Health Advice: Driving Concerns
LYNDA SHRAGER
c. 2006 Albany Times Union
Distributed by The New York Times Syndicate

One day my 80-year-old grandmother pulled her car out of a side road, overshot the median and drove down the wrong side of a four-lane divided highway.

She told us afterward she knew she was in trouble when everyone seemed to be going the wrong way but her. Getting older does not necessarily mean your driving days are over, but it is imperative that you and your family members know when it's time to limit driving or stop altogether.


Photo: James Estrin/The New York Times
Driving instructor Morton Morrison, 94, driving in Danbury, Conn.
Morton teaches the elderly a course on how to drive safely.

atlfootr
07-11-2006, 09:24 AM
How do you know when it's time to consider limiting or stopping driving?

More frequent dents, scrapes, close calls.


Difficulty staying in your lane, judging gaps in traffic at intersections and on highway entrance or exit ramps.


Feeling uncomfortable or nervous when driving.


Noticing others are honking at you frequently.


Getting lost more often or having difficulty concentrating.


Difficulty understanding or reacting to road signs and pavement markings.


Difficulty turning your head to back up or change lanes.


Slower reaction time -- difficulty moving foot from gas to brake or confusing the pedals.


Feeling like cars or pedestrians come "out of nowhere."


Others don't want to drive with you.

atlfootr
07-11-2006, 09:36 AM
I do half of these on the list already, and I'm only 42. :o

billr
07-11-2006, 09:46 AM
My 83 year old mother was telling he doctor that she was constantly running into the curb when making a right hand turn. That was the only problem she had while driving. ( Yea!! ) He said no more driving. Thankfully we did not have to take away her car ank keys, just had to abide by the doctors orders..

Upper Michigan Prostar190
07-11-2006, 09:47 AM
I have a cousin thats a cop and he has problems with "old" drivers. He said people over age 65 should be tested daily for their license:uglyhamme He thinks old people should all walk to the DMV every morning, pass the test, and then they can drive for that day only. He is a bit prejudice as he actually got hit by an elderly woman that was driving a car by him as he was directing traffic at the scene of an auto accident. He was ****ed off at her and wrote her for every ticket he could within the law after she drove into him. He went right up on the hood and nearly rolled off the other side before he stopped. Think about it, if you drive your car into a police officer wearing a brite orange vest standing next to a brightly colored tahoe with flashing red and blue lights all over it, you got every ticket coming to you. If he could have, he would have thrown her in jail, but he couldnt find a reason.
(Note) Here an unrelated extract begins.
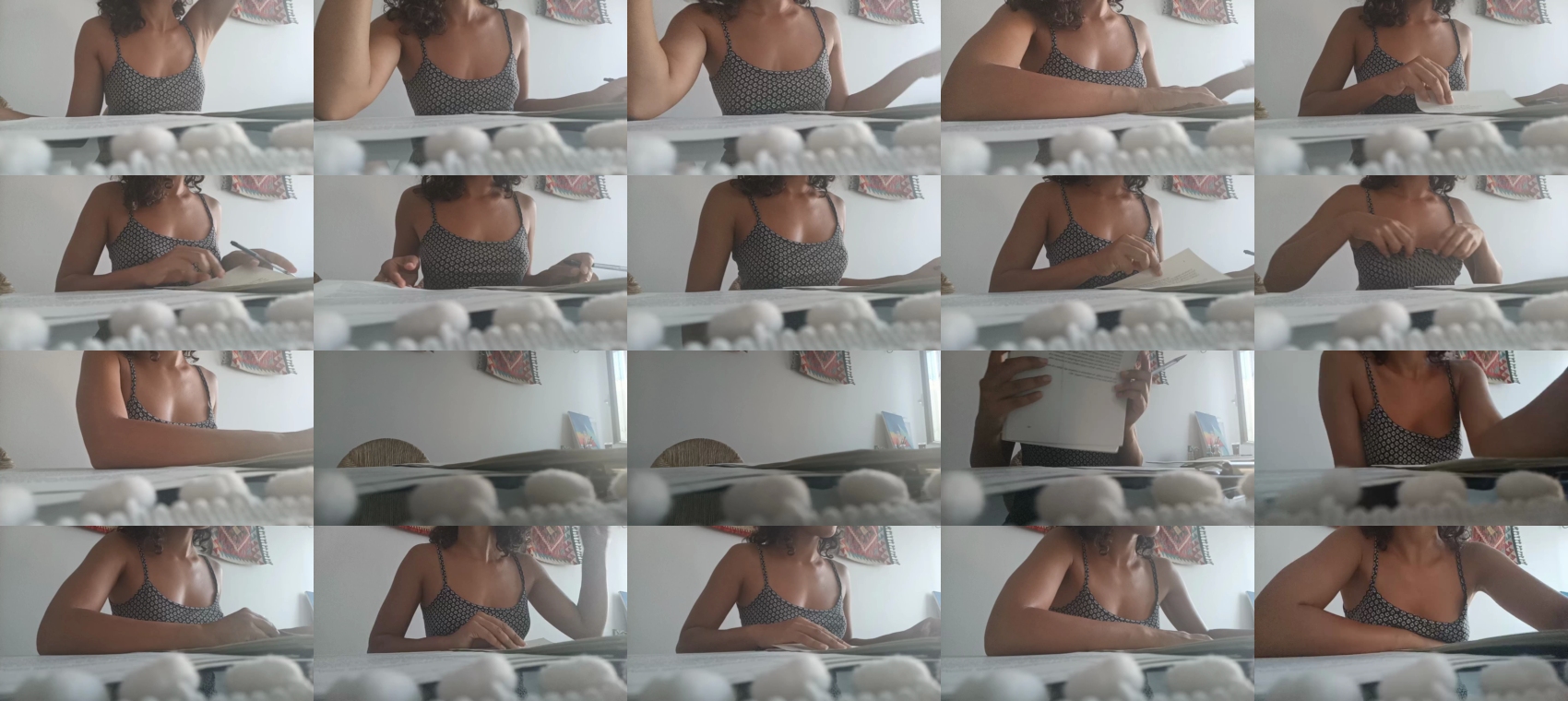 WildCatLola  11-09-2023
He was just very angry because the woman had NO business behind the wheel of a car. the funniest part was the old woman took an attitude with HIM over it!!! she got mad because he was standing there.:eek3: :uglyhamme as my dad always said,"old people are a trip."

chudson
07-11-2006, 10:18 AM
My Mom is 85 and I couldn't hold her down with an anchor. She lives just across the driveway from us ( we live in the country ) and just about every time I look out my front room window at her garage she is either coming or going to a concert or some other blue hair event. She just started using a cane about a year and a half ago and she mowed her own yard up till then ( a rider mower ) and I felt she should not be doing that any more. It took my brothers and sisters and I a while to convince her that she shouldn't be doing that, she stopped reluctently. I guess my point is to not lump all the old folks together some are still going strong and are good drivers. And remember, young farts turn into old farts.

Leroy
07-11-2006, 10:46 AM
Well Rob, hasn't taken you long to get acquainted with the local grays! Welcome to Florida!
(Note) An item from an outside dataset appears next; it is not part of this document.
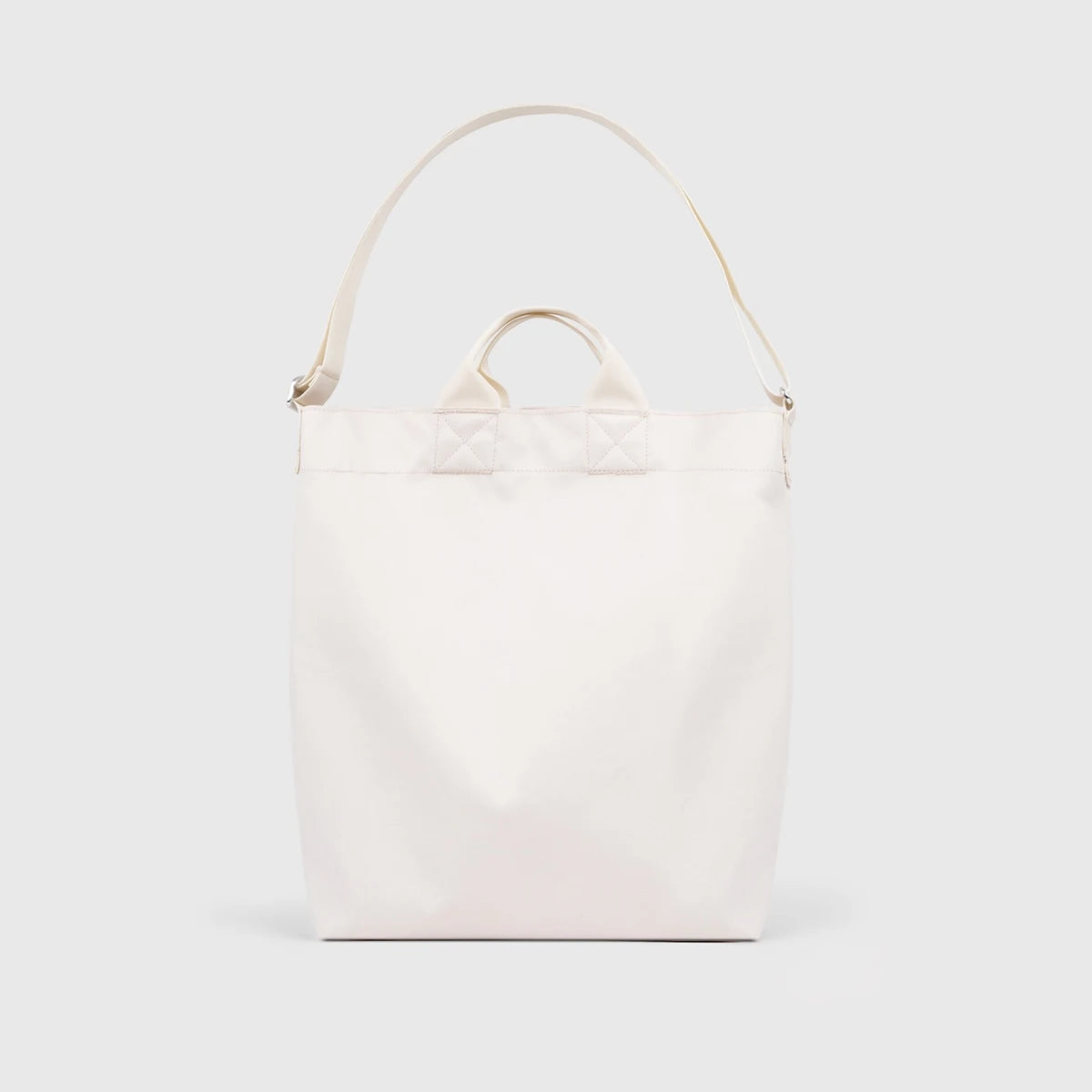 Sandqvist Ground Shopper Bag Birch_2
College friend that was living in West Palm had a guy run into him at an intersection, the 85'ish guy gets out and proceeds to cuss him out for being in his way and then immediately turns around and takes a piss in the middle of this busy intersection.

He said this was pretty normal around there....

Upper Michigan Prostar190
07-11-2006, 11:42 AM
yea, yound farts become old farts. your correct. I can see all of us now in the old folks home with our fogged over old person stories. Telling the the young janitor at the old folks home "dammit boy, when I was your age, I was skiing 6 bouys at 56 OFF @47 MPH!! We Were SKIERS BOY!! I could barefoot so good that I would take the rope and dive off the boat and do a back deep from 17 feet under water on one foot with my sunglasses still on my head!"

Upper Michigan Prostar190
07-11-2006, 11:43 AM
Well Rob, hasn't taken you long to get acquainted with the local grays! Welcome to Florida!

College friend that was living in West Palm had a guy run into him at an intersection, the 85'ish guy gets out and proceeds to cuss him out for being in his way and then immediately turns around and takes a piss in the middle of this busy intersection.

He said this was pretty normal around there....
:uglyhamme :uglyhamme OMG thats hilarious Leroy!!!

NeilM
07-11-2006, 11:44 AM
My granddad voluntarily turned in his license on his 80th birthday -- didn't stop him from driving on the farm, but he no longer wanted to be tempted to drive on public roads.
I dunno -- it's going to be a hard decision for all of us at some time in the future.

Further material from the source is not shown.